Publication

Hyperautomation Artificial Intelligence

2016 Kirchhoff Plate Theory-Based Electromechanically-Coupled Analytical Model Considering Inertia and Stiffness Effects of Surface-Bonded Piezoelectric Patches

본문

Journal
Smart Materials and Structures
Author
Heonjun Yoon, Byeng D. Youn*, and Heung Soo Kim*
Date
2016-02
Citation Index
SCIE (IF: 3.7, Rank: 21.7%)
Vol./ Page
Vol. 25, No. 2, pp. 025017
Year
2016

Abstract


As a compact and durable design concept, piezoelectric energy harvesting skin (PEH skin) has been recently proposed for self-powered electronic device applications. This study aims to develop an electromechanically-coupled analytical model of PEH skin considering the inertia and stiffness effects of a piezoelectric patch. Based on Kirchhoff plate theory, Hamilton's principle is used to derive the electromechanically-coupled differential equation of motion. Due to the geometric discontinuity of the piezoelectric patch, the Rayleigh–Ritz method is applied to calculate the natural frequency and corresponding mode shapes. The electrical circuit equation is derived from Gauss's law. Output voltage is estimated by solving the equation of motion and electrical circuit equation, simultaneously. For the purpose of evaluating the predictive capability, the results of the electromechanically-coupled analytical model are compared with those of the finite element method in a hierarchical manner.

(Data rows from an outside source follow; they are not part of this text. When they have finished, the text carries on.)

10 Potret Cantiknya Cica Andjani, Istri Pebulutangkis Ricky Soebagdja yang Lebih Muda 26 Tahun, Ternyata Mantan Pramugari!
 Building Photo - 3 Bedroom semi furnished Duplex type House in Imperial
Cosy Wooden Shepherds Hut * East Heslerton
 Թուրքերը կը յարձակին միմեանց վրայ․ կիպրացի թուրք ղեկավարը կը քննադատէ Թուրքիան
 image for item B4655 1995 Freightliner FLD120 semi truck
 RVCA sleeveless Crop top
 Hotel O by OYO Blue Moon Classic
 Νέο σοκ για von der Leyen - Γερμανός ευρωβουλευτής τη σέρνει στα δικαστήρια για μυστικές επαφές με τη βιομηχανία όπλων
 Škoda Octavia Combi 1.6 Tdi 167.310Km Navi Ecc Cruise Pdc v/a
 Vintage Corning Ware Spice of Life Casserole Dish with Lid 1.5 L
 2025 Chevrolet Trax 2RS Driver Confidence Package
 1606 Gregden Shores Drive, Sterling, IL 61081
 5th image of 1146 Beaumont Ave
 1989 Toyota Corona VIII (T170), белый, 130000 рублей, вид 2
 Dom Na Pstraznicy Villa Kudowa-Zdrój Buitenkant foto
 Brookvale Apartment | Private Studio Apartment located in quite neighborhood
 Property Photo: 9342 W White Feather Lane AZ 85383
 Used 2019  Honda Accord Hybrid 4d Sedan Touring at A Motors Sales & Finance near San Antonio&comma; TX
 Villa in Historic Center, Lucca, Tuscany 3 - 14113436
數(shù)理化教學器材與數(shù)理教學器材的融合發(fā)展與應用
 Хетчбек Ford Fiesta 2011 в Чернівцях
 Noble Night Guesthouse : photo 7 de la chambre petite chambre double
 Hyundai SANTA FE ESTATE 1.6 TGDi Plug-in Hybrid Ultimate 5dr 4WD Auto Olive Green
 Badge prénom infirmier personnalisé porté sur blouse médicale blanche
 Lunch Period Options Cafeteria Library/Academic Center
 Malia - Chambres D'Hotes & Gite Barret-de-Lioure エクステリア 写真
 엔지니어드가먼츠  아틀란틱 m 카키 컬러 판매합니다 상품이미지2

The outstanding merits of the electromechanically-coupled analytical model of PEH skin are three-fold: (1) consideration of the inertia and stiffness effects of the piezoelectric patches; (2) physical parameterization between the two-dimensional mechanical configuration and piezoelectric transduction; (3) manipulability of the twisting modes of a cantilever plate with a small aspect ratio.